Tim Buckley
Timothy Charles Buckley III (February 14, 1947 – June 29, 1975) was an American guitarist, singer, songwriter, and producer. His music and style changed considerably through the years. Buckley began his career based in folk music, but his subsequent albums experimented with jazz, psychedelia, funk, soul, the avant-garde, and an evolving voice-as-instrument sound. He died at the age of 28 from a heroin and morphineoverdose, leaving behind sons Taylor and Jeff.
Tim Buckley was born in Washington, D.C. on Valentine’s Day, February 14, 1947, to Elaine (née Scalia), an Italian American, and Timothy Charles Buckley Jr., a decorated World War II veteran and son of Irish immigrants from Cork. He spent his early childhood in Amsterdam, New York, an industrial city about 40 miles (64 km) northwest of Albany. At five years old, Buckley began listening to his mother’s progressive jazz recordings, particularly Miles Davis.

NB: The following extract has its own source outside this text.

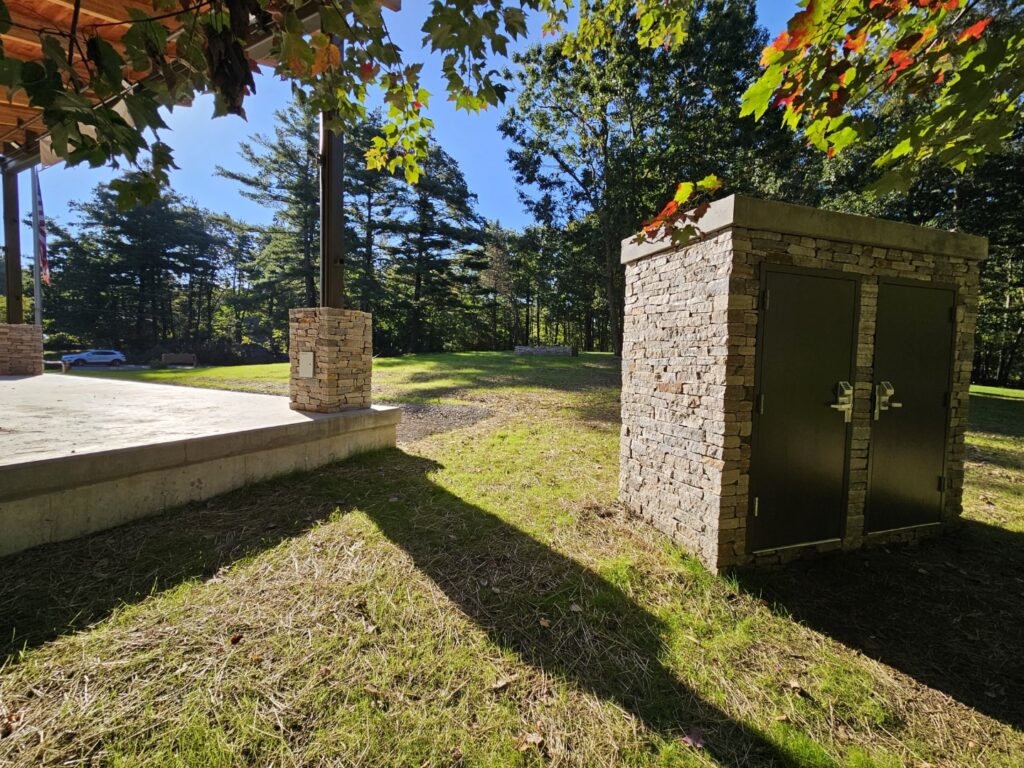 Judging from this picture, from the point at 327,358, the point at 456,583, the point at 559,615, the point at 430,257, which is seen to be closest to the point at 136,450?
the point at 327,358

On June 28, 1975, Buckley completed a short tour with a show in Dallas, playing to a sold-out crowd of 1,800 people. He celebrated the end of the tour with a weekend of drinking with his band and friends. On the night of June 29, he accompanied longtime friend Richard Keeling to his house. At some point, Keeling produced a bag of heroin, some of which Buckley snorted.
Buckley’s friends took him home and, seeing his inebriated state, his wife Judy lay him on the living-room floor and questioned his friends as to what had happened. She moved Buckley into bed. When she checked on him later, she found that he was not breathing and had turned blue. Attempts by friends and paramedics to revive him were unsuccessful, and he was pronounced dead on arrival.
The coroner‘s report stated that Buckley died at 9:42 p.m. on June 29, 1975, from “acute heroin/morphine and ethanol intoxication due to inhalation and ingestion of overdose”.